Problem to solve: An exact copy is needed of each line from the one including "this 474×710 image." through the last line of the entries, both ends counted, with nothing added.

---- Data supplied

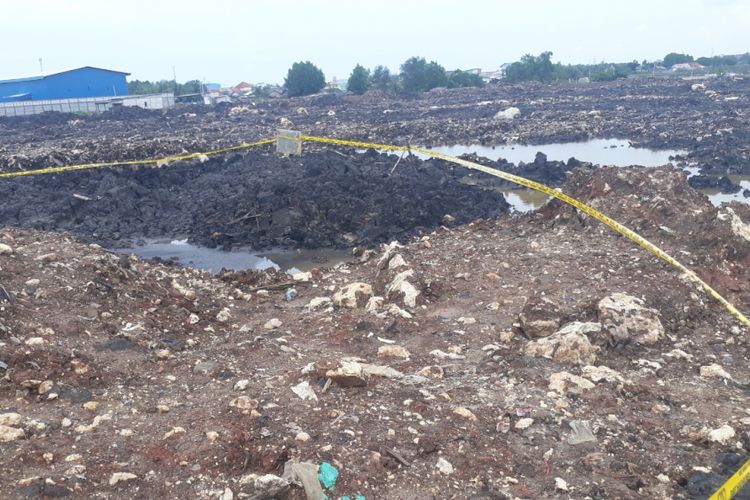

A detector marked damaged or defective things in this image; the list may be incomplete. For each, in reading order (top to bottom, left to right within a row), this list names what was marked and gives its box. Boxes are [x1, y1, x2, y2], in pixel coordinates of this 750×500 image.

broken concrete chunk [334, 282, 374, 308]
broken concrete chunk [520, 294, 560, 338]
broken concrete chunk [604, 292, 668, 344]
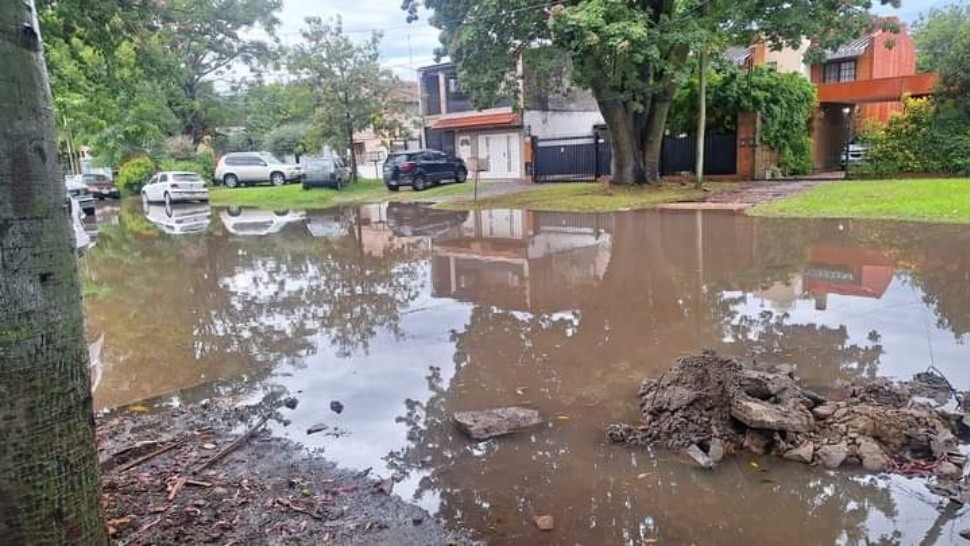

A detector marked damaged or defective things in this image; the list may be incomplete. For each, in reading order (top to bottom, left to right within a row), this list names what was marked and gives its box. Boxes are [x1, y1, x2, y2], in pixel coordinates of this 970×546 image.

broken concrete slab [452, 406, 540, 440]
broken concrete slab [728, 394, 812, 432]
broken concrete slab [780, 440, 808, 462]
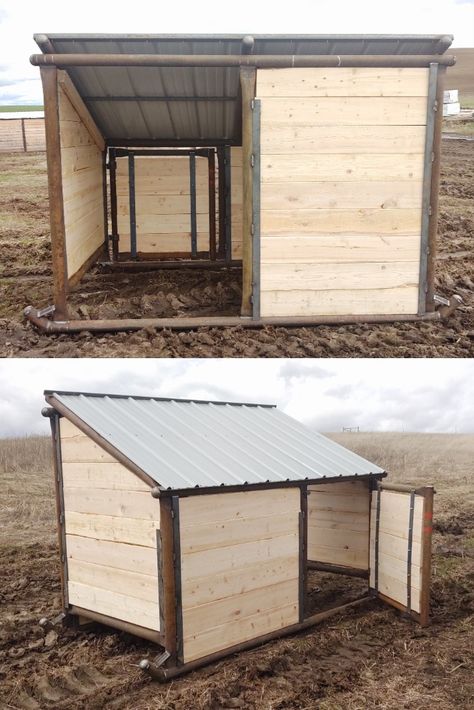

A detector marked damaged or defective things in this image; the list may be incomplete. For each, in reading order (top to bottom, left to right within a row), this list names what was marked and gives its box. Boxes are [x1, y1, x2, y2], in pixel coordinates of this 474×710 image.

rusty steel tubing [25, 304, 462, 336]
rusty steel tubing [146, 596, 376, 688]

--------

Answer to the problem:
A detector marked damaged or defective things in this image; the list may be incomplete. For each, in reading order (top to bottom, left to right within a row), this list names what was marked and gives its box. Boxes are [x1, y1, x2, y2], in pixel coordinates of this 474×710 image.

rusty steel tubing [25, 304, 462, 336]
rusty steel tubing [146, 596, 376, 688]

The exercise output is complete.